▶ What you need to do:
Copy exactly the lines of the records below, starting at the line that contains "Slide: The Image" and continuing through the last line, both included; omit any pictures.

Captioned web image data
___

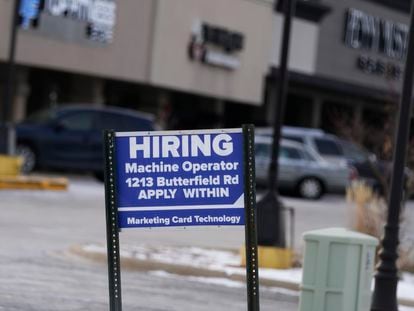 A hiring sign is seen in Downers Grove, Illinois, Thursday, May 5, 2022.
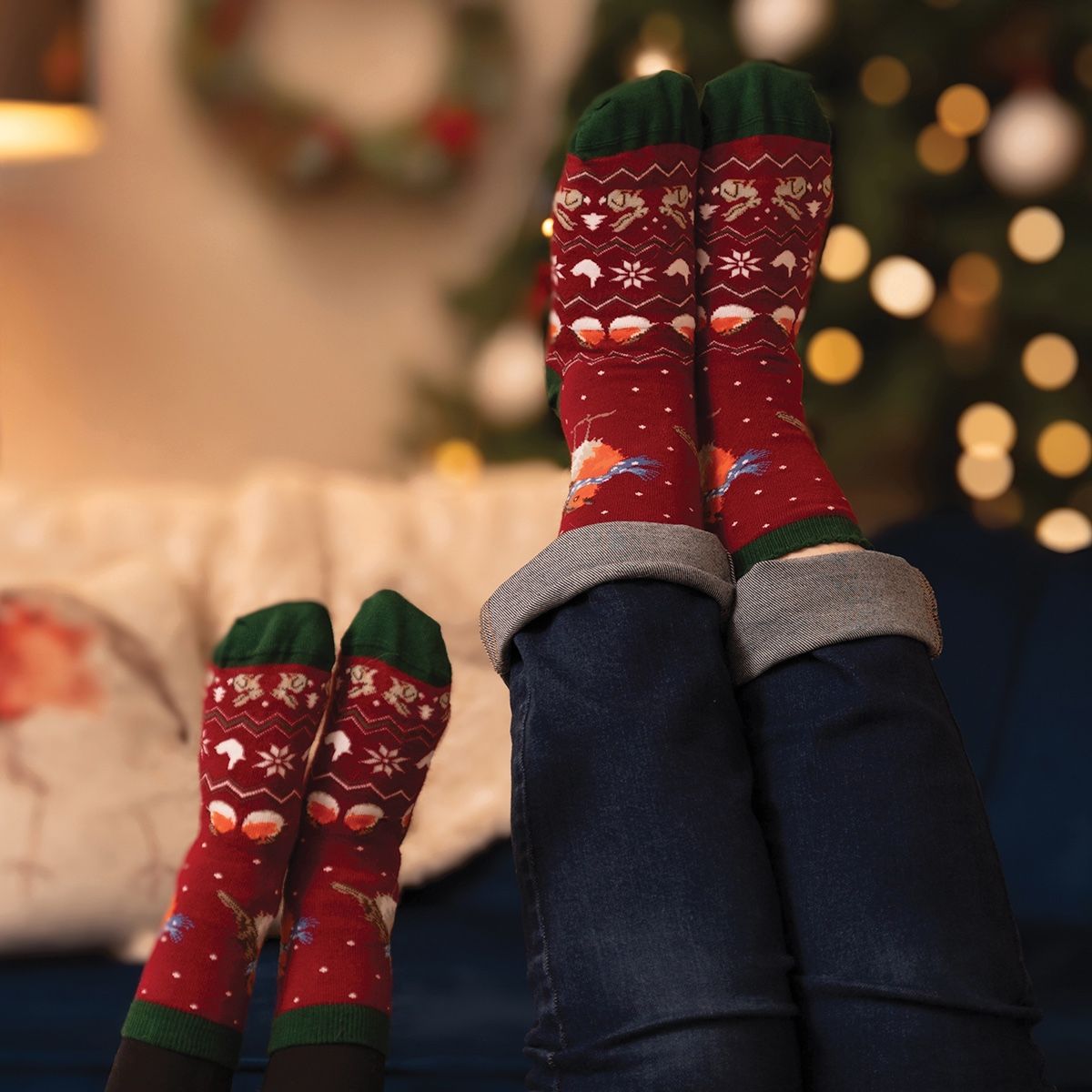 A pair of red Wrendale Designs Season's Tweetings Women's Christmas-themed crew socks with green cuffs and toes, featuring a festive fair isle pattern, worn on feet resting on a couch in a cozy living room setting with a blurred Christmas tree in the background.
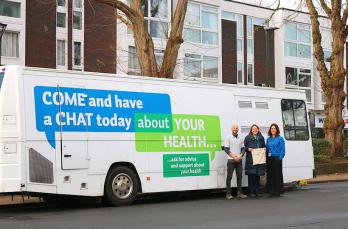 Three people stood in front of a converted bus - on its side: "Come and have a chat today about your health"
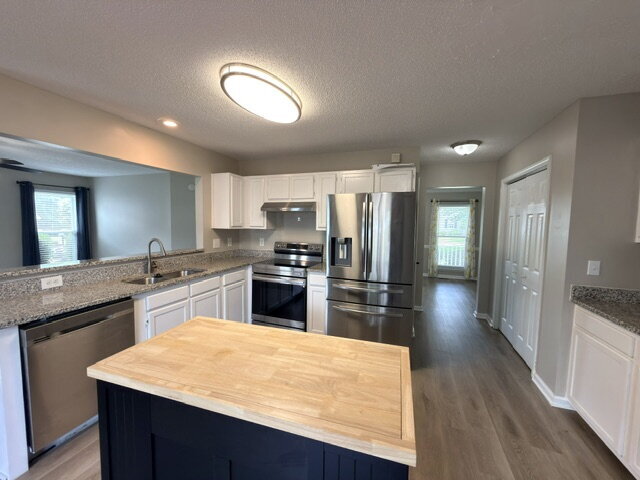 Building Photo - Spacious 4BR Home with Fenced Yard, Community Pool & 2-Car Garage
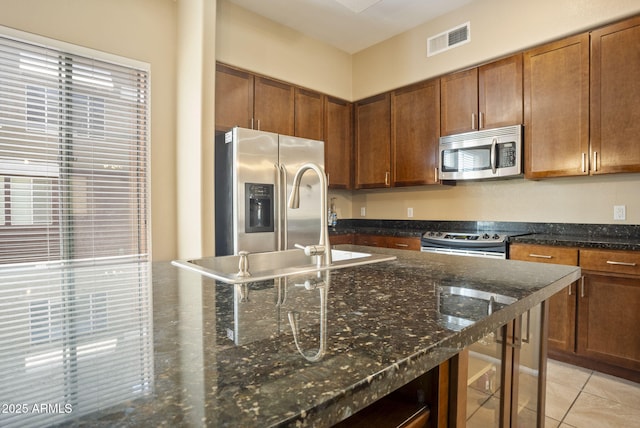 kitchen with light tile patterned flooring, stainless steel appliances, and dark stone countertops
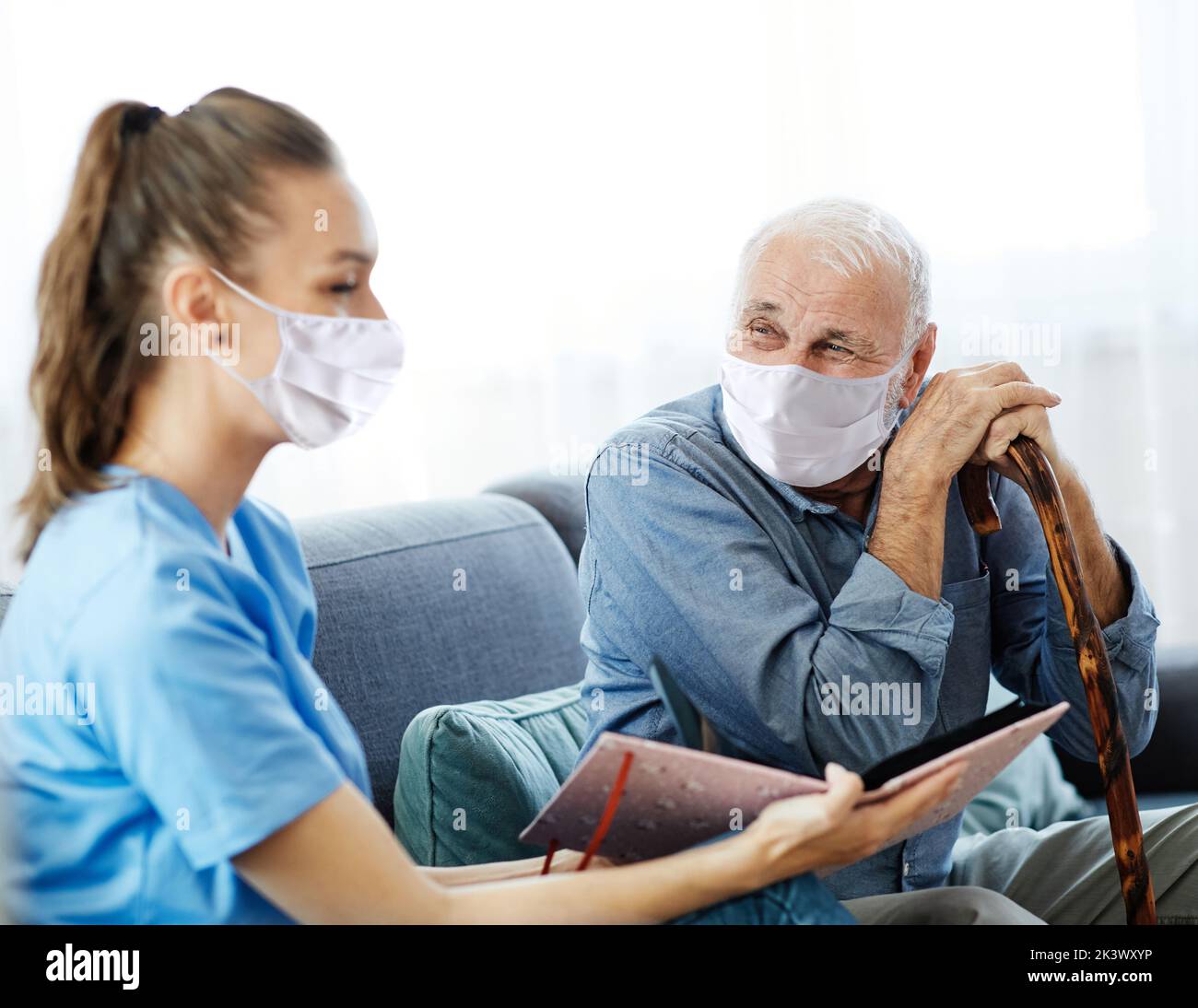 Doctor or nurse caregiver with senior man wearing protective masks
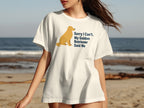 White t-shirt with graphic of a golden retriever and text "Sorry I Can't. My Golden Retriever Said No".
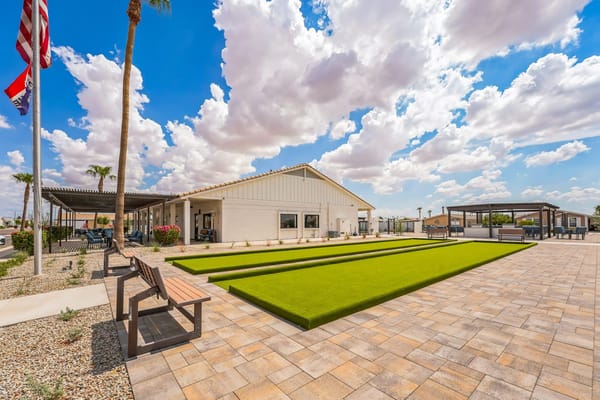 Outdoor space with benches and landscaped area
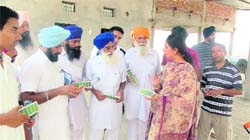 Officials from the Krishi Vigyan Kendra imparting training to farmers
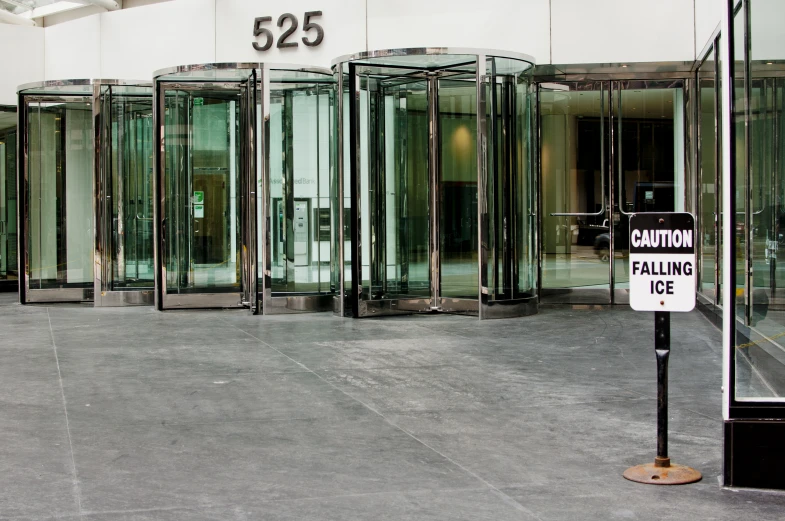 a line of closed glass doors with a sign in the middle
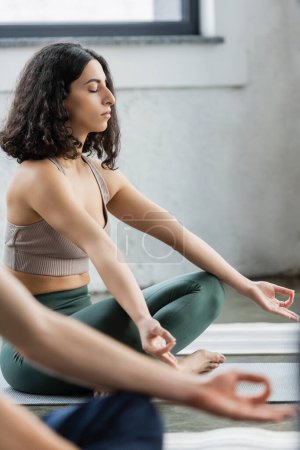 Middle eastern woman practicing gyan mudra on mat in yoga class 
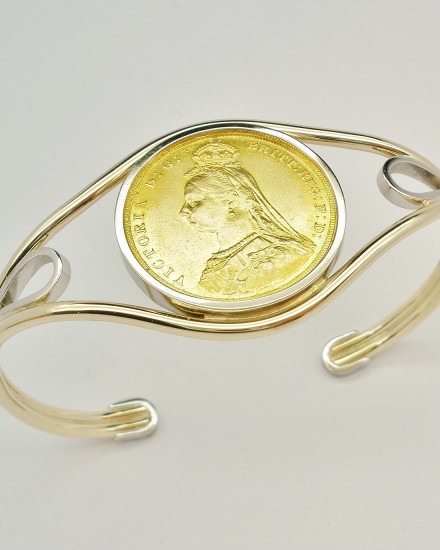 9ct. yellow gold and palladium torque bangle mounted with a single gold full sovereign coin.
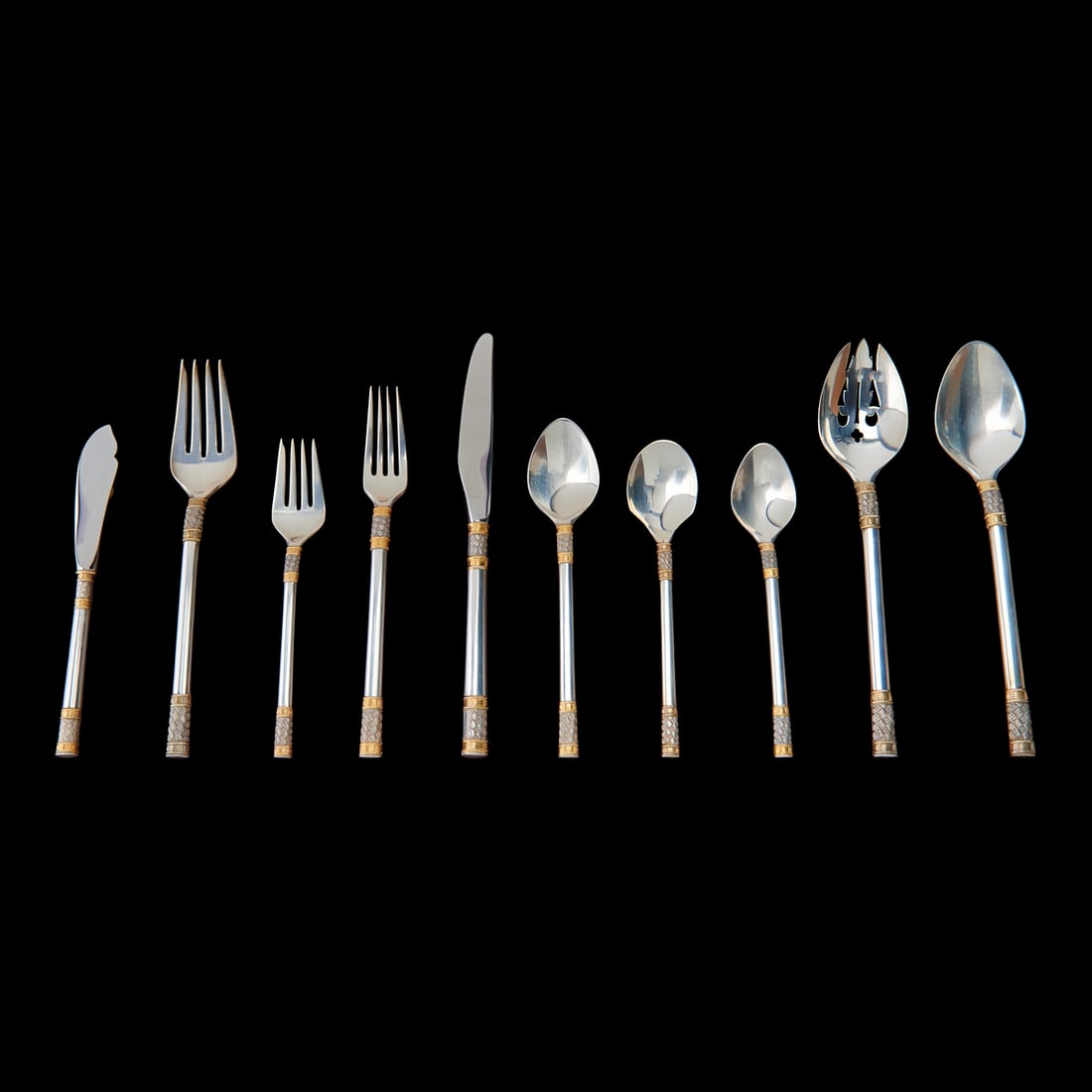 Wallace "Golden Aegean Weave" Pattern Sterling Silver Flatware Service: Wallace "Golden Aegean Weave" Pattern Sterling Silver Flatware Service, with gold and checkered silver decorative bands. Comprising 12 dinner knives, 9 1/4" L.,12 dinner forks, 8" L., 12 salad forks, 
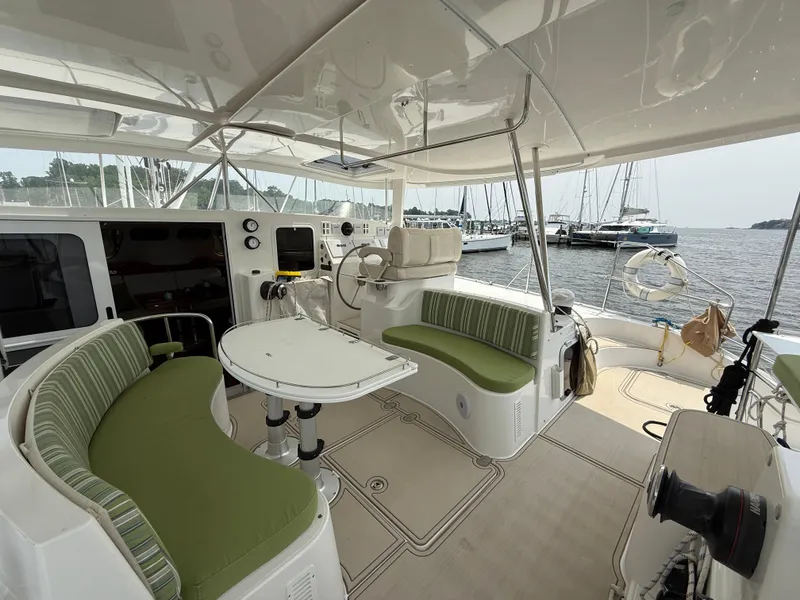 Slide: The Image of Spacious cockpit of 2021 Antares 44GS yacht with green seating and marina view. - 40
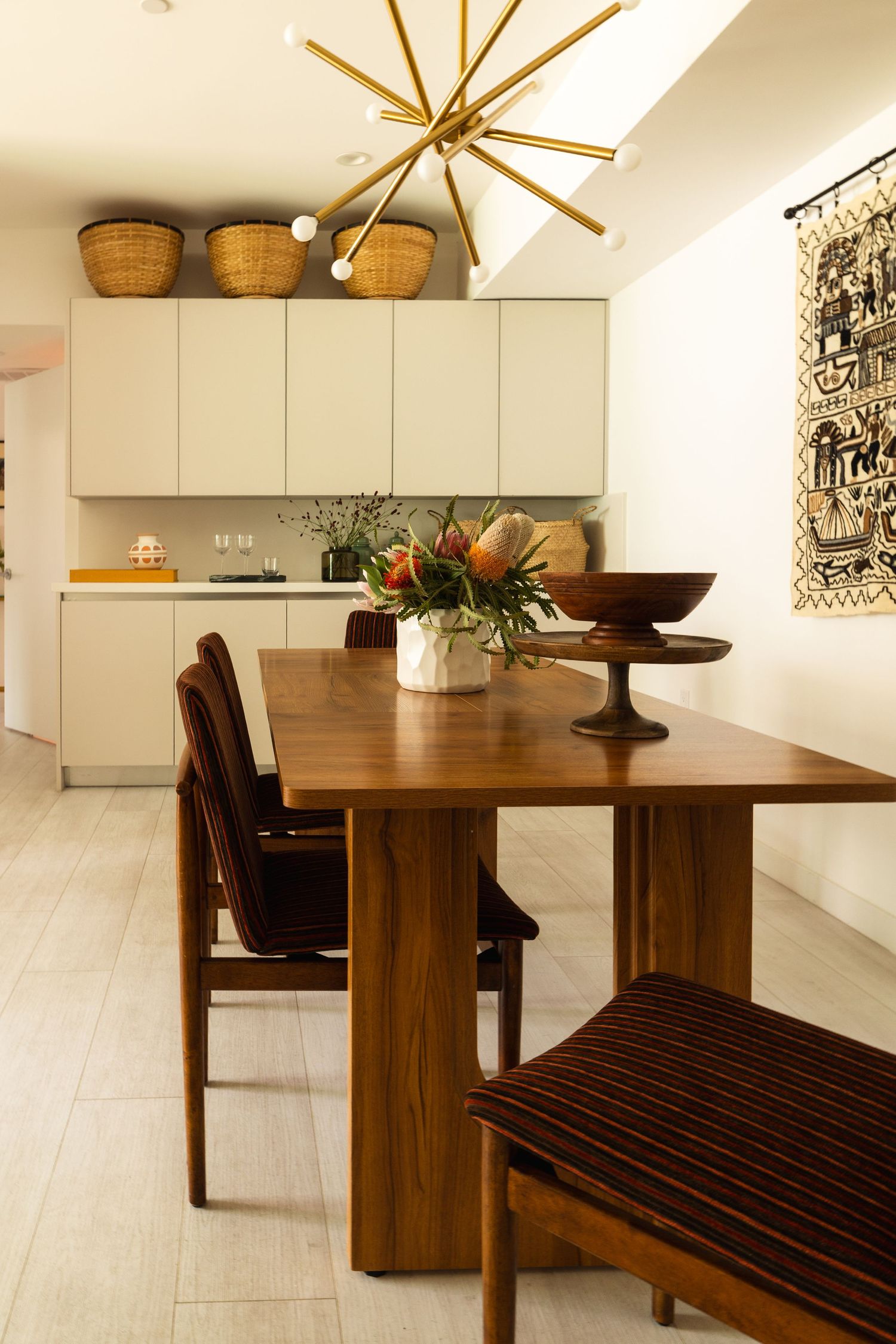 Modern dining area featuring walnut table, brown chairs, gold sputnik light, cream cabinets, and woven baskets above.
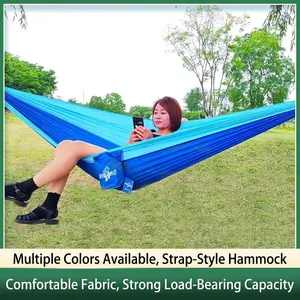 Blue ultra-light nylon parachute hammock for camping with integrated storage bag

___

▶ Your solution:
 Slide: The Image of Spacious cockpit of 2021 Antares 44GS yacht with green seating and marina view. - 40
 Modern dining area featuring walnut table, brown chairs, gold sputnik light, cream cabinets, and woven baskets above.
 Blue ultra-light nylon parachute hammock for camping with integrated storage bag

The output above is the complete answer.